Puede cada estado tomar mucho –o poco– a los pocos que más tengan y distribuirlo entre ellos mismos por partes iguales, lo cual, sin duda, también sería redistribuirla, aunque en sentido limitado y, por llamarlo de alguna manera, aristocrático;
puede tomar esto mismo y distribuirlo por partes iguales entre toda la población, o también entre toda la población a la que no se le haya tomado nada, por su pobreza, y redistribuir, pues, bastante más ampliamente que en el primer modelo y, sin duda, muchos llamarían a esto política confiscatoria;
puede tomar sólo, o muy principalmente, de la gran mayoría que posee medianamente o menos y redistribuirlo entre todos, como poco más o menos es el paradigma actual, fuera de las palabras hueras y de las leyes vacías que afirman que se les toma igualmente a todos, y esto de alguna manera redistribuye también, pero dentro de ciertos parámetros de escasez e insuficiencia;
podría también, de alcanzarse acuerdo para ello, y de hacerlo figurar en las leyes, junto a los mecanismos efectivos –no cosméticos– para recaudarlo, tomar de manera directamente proporcional a la riqueza, más a los que más tienen y menos a los que menos, según ley o progresión matemática, y de la cual podrían, además, considerarse muchas fórmulas. Desde tomar el 99% o todo por encima de determinada cifra a los que más tienen, hasta nada por debajo de otra a los que menos, y con todos los guarismos intermedios hacia un extremo u otro que se quieran suponer;
y, cómo no, se podría también plantear tomarle a todos absolutamente lo mismo en tanto por ciento, que es una postura neoliberal que también tiene sus defensores, aunque sería deseable de nuevo que articulando también los mecanismos para tomarlo de manera real, y tanto del que posee cien mil como del que tiene diez;
y podría muy bien articularse un sistema mixto entre los dos anteriores, con las mismas salvaguardias respecto a la cobranza real;
y podría, también, no tomársele nada a nadie, como plantean las ideologías más radicalmente liberales, aunque en este caso no se estaría hablando ya desde la perspectiva de un estado, sino de la selva seguramente, pero de una muy, muy primigenia y, finalmente, y cómo no, podría tomársele todo a todos y redistribuirlo por teóricas partes iguales, a modo de comunismo ideal o de paraíso original, lo que todavía nunca se ha visto, salvo también en el fondo de algunas selvas, pero donde lo que realmente ocurre es que no hay nada que redistribuir, fuera de la miseria y el esfuerzo, y por lo tanto, tanto monta, como aquel que dice, aunque, eso sí, deja una barbaridad de tiempo libre, para satisfacción de otros teóricos, que también los hay.

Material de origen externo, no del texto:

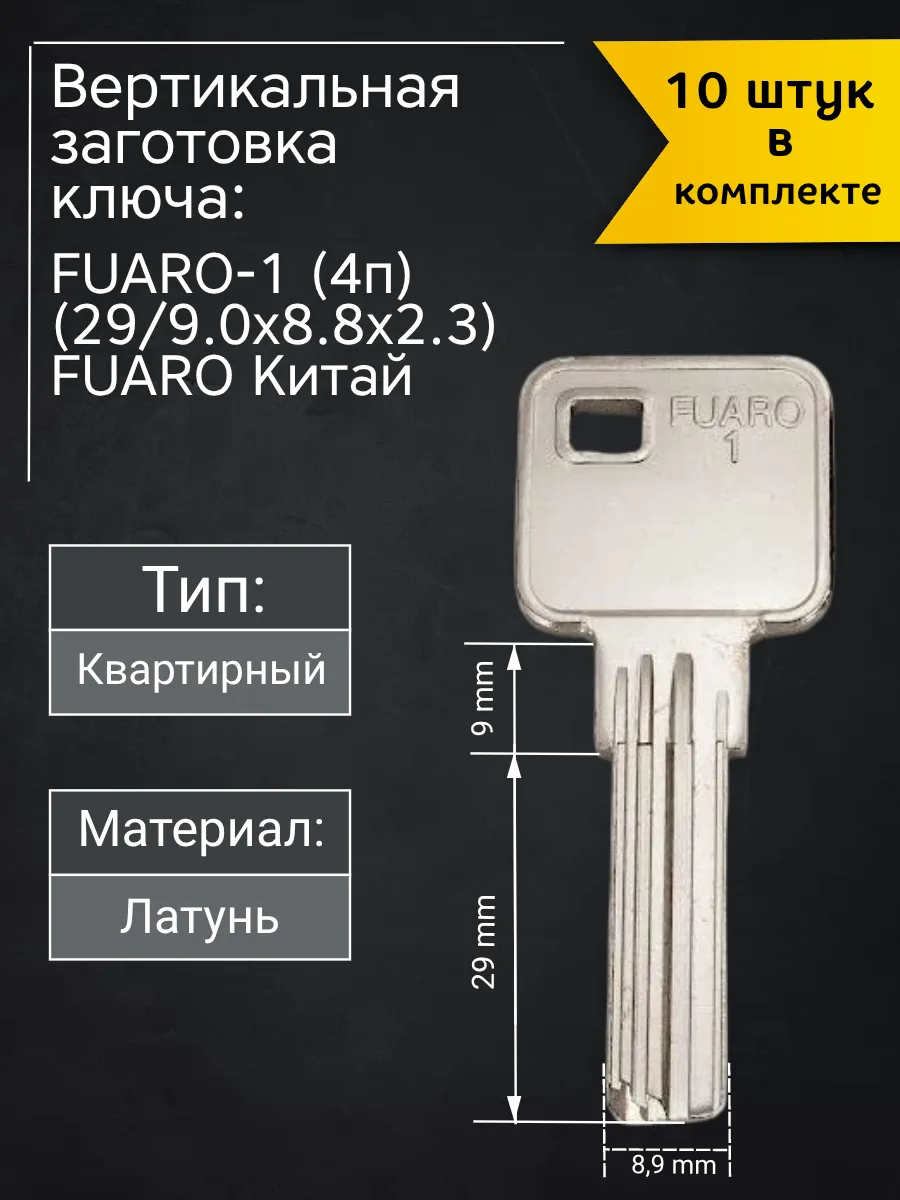 Заготовка для ключа вертикального типа Fuaro FUARO-1. В комплекте 10 штук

Así que la socialdemocracia lo primero que tendría que hacer es sentarse a meditar muy seriamente sobre su primera línea roja, pues todo lo demás vendrá por añadidura, porque es hijo todo ello de la justicia distributiva, y si es que esto se considera un valor, y decidir de una vez por todas por cual modelo propio de redistribución se inclina y sí, por ejemplo, fuera este el de hacer tributar a la población de manera directamente proporcional a la riqueza, con las matizaciones adecuadas, pero no tantas como para que se convierta en otro modelo, lo aplicara a la siguiente vez que alcanzara el poder, se la jugara y apechugara con las consecuencias, que bien podrían ser sorprendentes, porque puede perder más o menos lo que ya ha perdido, el favor de la población, o poco más, pero también podría ganar el órdago.

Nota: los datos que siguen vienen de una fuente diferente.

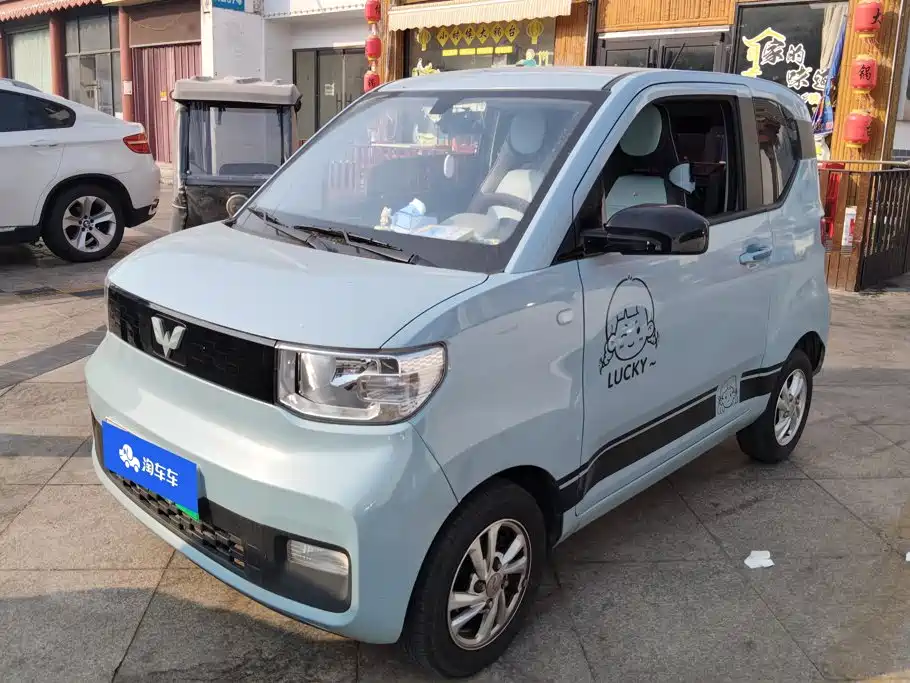 Wuling Mini EV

Como órdago es, por cierto, el de Patxi López, con su decisión de no aplicar los recortes en su ámbito autónomo y enfrentarse a Rajoy y a su socio en el poder. Puede perder, efectivamente, aún algo más, pero ¿y si el País Vasco, sin aplicar estos recortes, mantuviera su preeminente posición en lo tocante a riqueza en España, o si aún la mejorara? ¿sería o no una victoria política de primera magnitud? porque además traería al juego político algo así como una diferente didáctica del poder por primera vez en bastante tiempo, y ateniéndose, además, a los postulados de esa socialdemocracia en la que su partido dice militar todavía. Sería, sin duda, la mejor manera de demostrarlo, y habría detrás, seguramente, un buen caudal de votos para recompensarla.

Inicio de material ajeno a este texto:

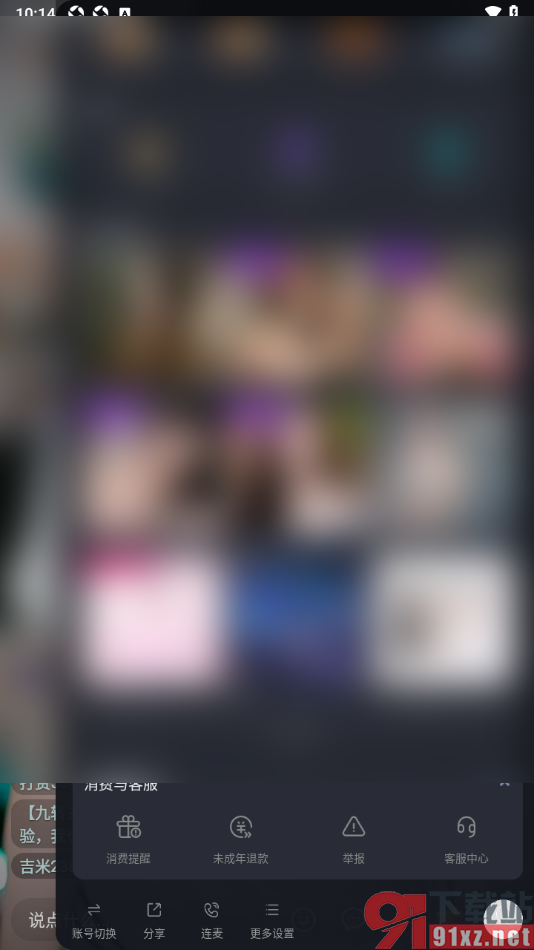 酷狗直播APP设置录制直播间内容的方法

¿Líneas rojas entonces?, tasar el capital y sujetarlo a leyes, la primera, y como se tasa cualquier otra cosa, y la segunda, romántica tal vez, peregrinar con un ramo de rosas rojas a la tumba de Olof Palme, a la de Willy Brandt o a la de Pablo Iglesias, que algo pilla más a mano, y prestar un poco de oído al escándalo de crujir de huesas que debe de estar saliendo desde debajo de tan olvidados lápidas.